Copy the data that follows exactly. Include no pictures.
+++ Task inputs +++
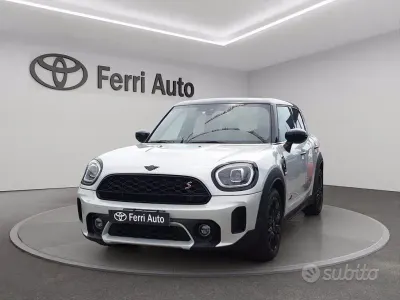 Usata Mini Countryman 178 CV (130 kW) 2022 Grigio SUV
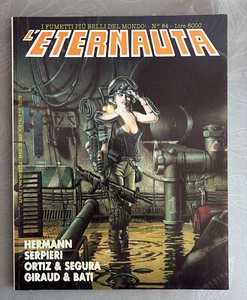 DIE EWIGE NR.84 DIE SCHÖNSTEN COMICS DER WELT - SEHR GUT - KIOSK - Bild 1 von 1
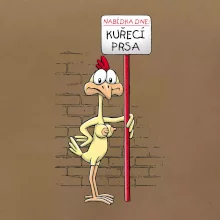 Kuřecí prsa (Hana-creative)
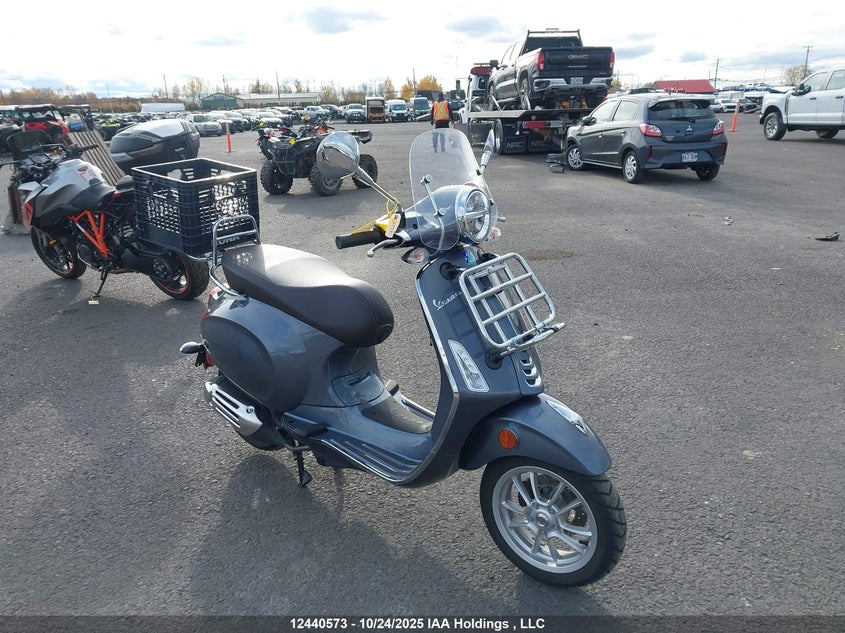 ZAPCA06B5P5106488 2023 Vespa Primavera/Sprint 50 auction photo 1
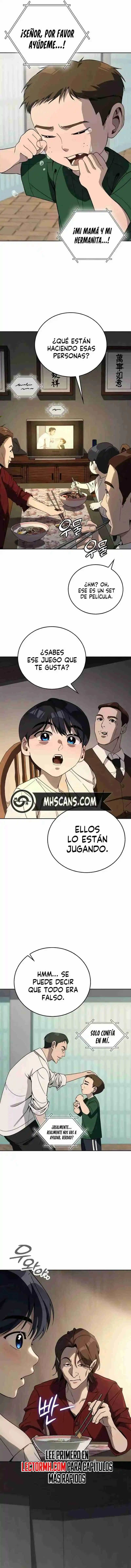 El Actor De Las Mil Caras - Capítulo 1 - Página 20 - LectorTMOo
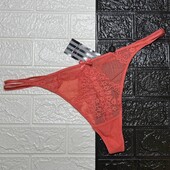 Арт.446 трусики стрінги жіночі від hunkemoller євро розмір 2хл.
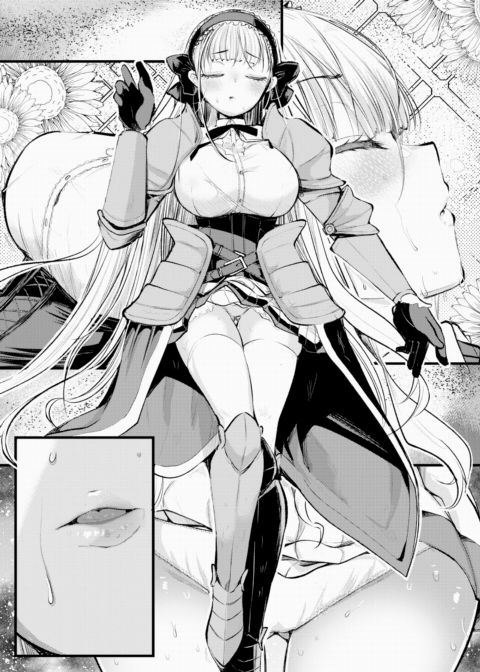 Laid-Back Deserted Island Life With a Level 1 Princess Knight - Episode 1 Chapter 1 page 6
+++
*Finished task*.
 Usata Mini Countryman 178 CV (130 kW) 2022 Grigio SUV
 DIE EWIGE NR.84 DIE SCHÖNSTEN COMICS DER WELT - SEHR GUT - KIOSK - Bild 1 von 1
 Kuřecí prsa (Hana-creative)
 ZAPCA06B5P5106488 2023 Vespa Primavera/Sprint 50 auction photo 1
 El Actor De Las Mil Caras - Capítulo 1 - Página 20 - LectorTMOo
 Арт.446 трусики стрінги жіночі від hunkemoller євро розмір 2хл.
 Laid-Back Deserted Island Life With a Level 1 Princess Knight - Episode 1 Chapter 1 page 6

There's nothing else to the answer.